What was advertised in a colonial newspaper 250 years ago this week?

sep-14-9131766-providence-gazette
Providence Gazette (September 13, 1744).

“Likewise to be sold at the same Place …”

Most readers of the Providence Gazette in 1766 probably would not have paused to question if this constituted one advertisement or two separate advertisements. For historians of printing and/or advertising interested in quantifying and analyzing the number of advertisements that appeared in colonial newspapers, on the other hand, it raises a conundrum.

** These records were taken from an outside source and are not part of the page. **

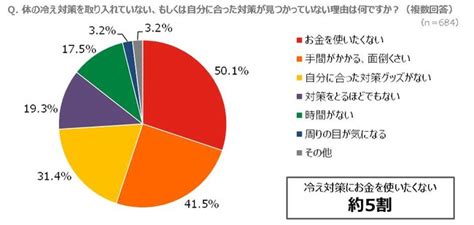 冬の「体の冷えと辛いもの」に関する意識調査：体の冷えを感じることがある人は701、冷えが仕事の効率に影響を及ぼしていると感じる人は818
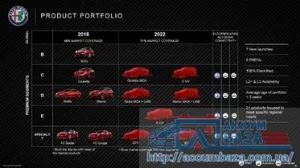 Alfa Romeo вернет легендарные имена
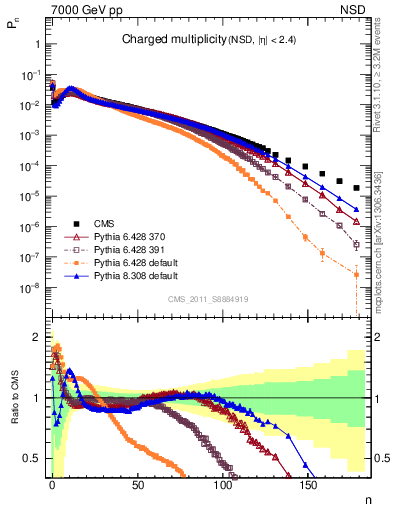 Plot of nch in 7000 GeV pp collisions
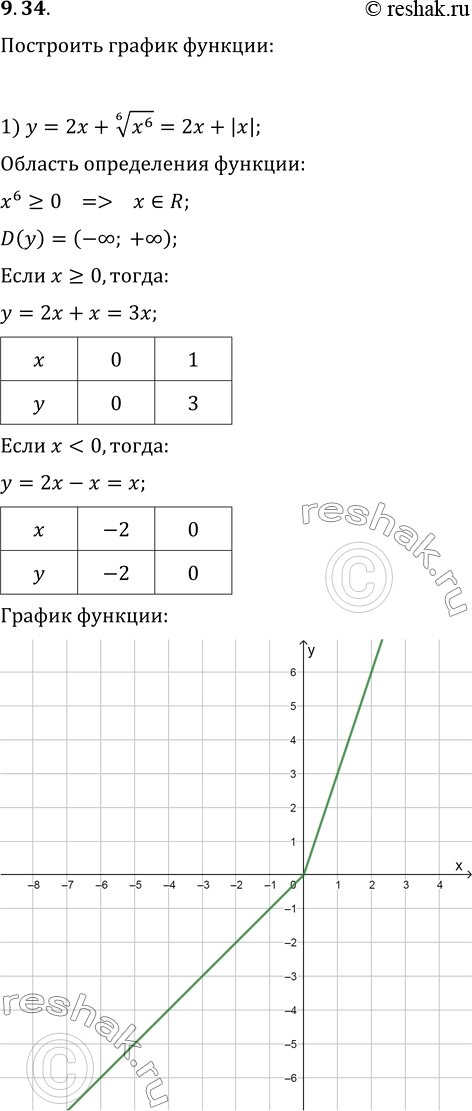  9.34.   ;1) y=2x+(x^6)^(1/6);   2) y=((x-2)^8)^(1/8);3) y=x^(1/4)(x^3)^(1/4);   4) y=(x^2)^(1/4)(x^2)^(1/4);5) y=x^3/(x^6)^(1/6)+2;   6)...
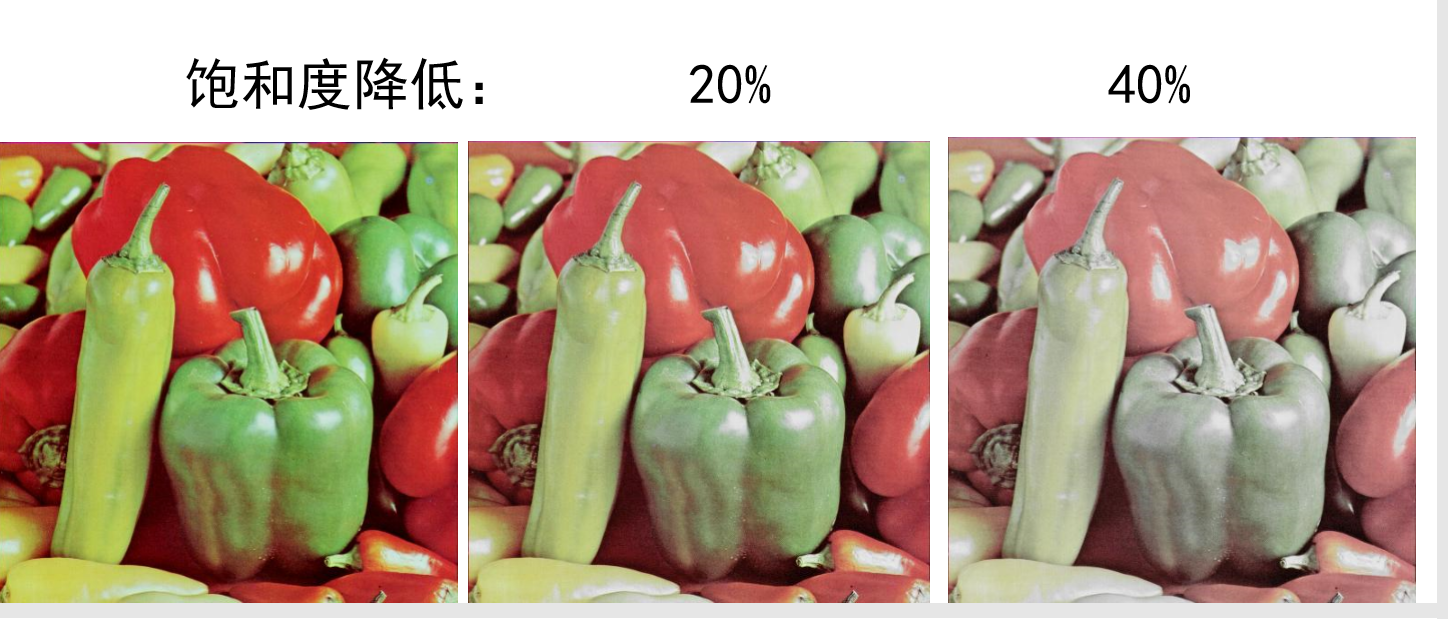 质量的影响对比度对图像质量的影响层次对图像质量的影响量化对图像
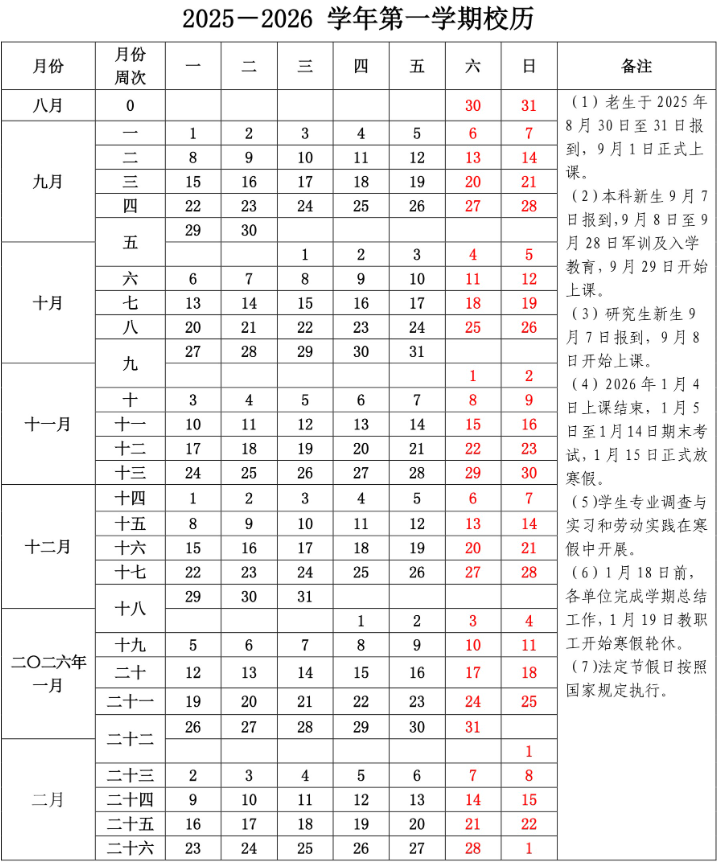 2026安徽财经大学寒假时间及开学时间 寒假什么时候放.png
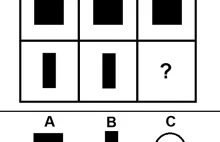 Wykopowy test IQ by Mensa Norway - sprawdźmy się jako społeczność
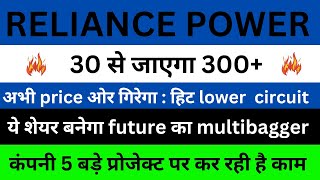 Reliance power share latest news  Big game in reliance power  FII and DII buying reliance power [upl. by Notsirhc]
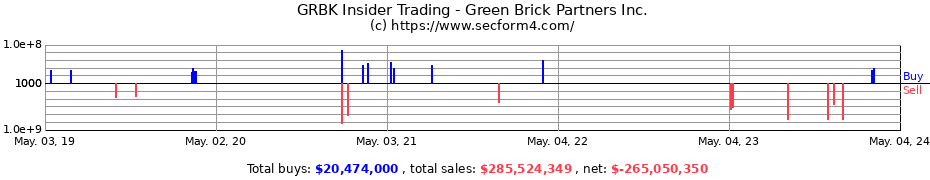 Insider Trading Transactions for Green Brick Partners Inc.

At first glance, it appears to be a single advertisement, especially since the phrase “Likewise to be sold at the same place” functions as a transition from a list of books for sale to a more elaborate description of a particular book sold by the same advertiser. However, the two halves of this advertisement appeared separately, in different columns, in the previous issue. The list of books appeared at the bottom of a column and the advertisement for the pamphlet on making pearl ashes was at the top of the next column. This would have had the effect of presenting them sequentially to anybody who read the newspaper from first page to last, even through they were spatially separated. The printer likely intended them to be distinct, yet related advertisements. Still, the absence of a line separating them when they appeared one above the other (the same sort of line that defined the boundaries of other advertisements that appeared in the issue) serves as a visual cue indicating a single advertisement.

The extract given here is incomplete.